Knowledge is the basis for eternal life. Unfortunately, in a knowledge-based economy, knowledge is regarded as power. According to this reckoning, the more one knows, the more powerful one can be. If you think about it, WikiLeaks and espionage are both battlegrounds for knowledge--that he who controls the flow of information has greater power. However, knowledge in the biblical sense is not the amassing of facts or figures or even making connexions between the conspiracies we have. Instead, knowledge points in the direction of relationship, as in, when Adam knew Eve, she conceived and gave birth to Cain. This knowledge of God is relational rather than intellectual for it bids us enter into the full acknowledgement of who we are and who God is. It is a recognition of our status as creatures--In Him we live, we move and have our being—who are dependent on God.

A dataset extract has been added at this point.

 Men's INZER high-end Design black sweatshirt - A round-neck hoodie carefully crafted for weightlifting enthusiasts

These days between the Ascension and Pentecost are not simply passing days but truly a time of preparing oneself and waiting for the coming of the Spirit. They also put into perspective the way we have conceived of novenas so far. Instead of an exercise to gain God’s favour, the investment of time in pray is for the human will to bend and fit itself into God’s plans.

In terms of waiting, for a generation easily distracted by mobile devices, it can be excruciating. This is exacerbated by the expectation that the world revolves around us. Thus, we easily forget that waiting is built into the status of dependency. Like a lover waiting for the beloved, we wait for the Lord so that our hunger can be deeper and our reception richer.

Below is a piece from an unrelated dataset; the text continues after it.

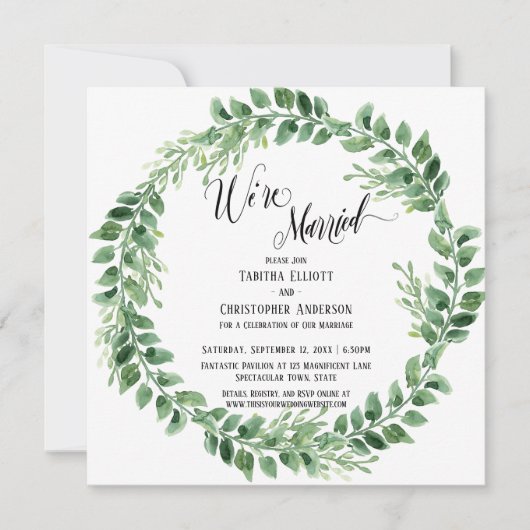 緑の花輪の「結婚しました」レセプションカードのみ 招待状 (正面)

If the eternal life given by the Lord is premised on entering into a relationship with Him, then like Mary and the 11 in the Upper Room, we follow them in prayer. Instead of the usual asking for God to answer our prayers, perhaps it is good to implore the Lord to grant us the gifts of the Spirit--wisdom, understanding, reverence (traditionally known as piety), knowledge, right judgment (or counsel) courage (or fortitude), and a sense of wonder and awe (otherwise called fear of the Lord)--so that we can enter into a deeper and more loving relationship with Him.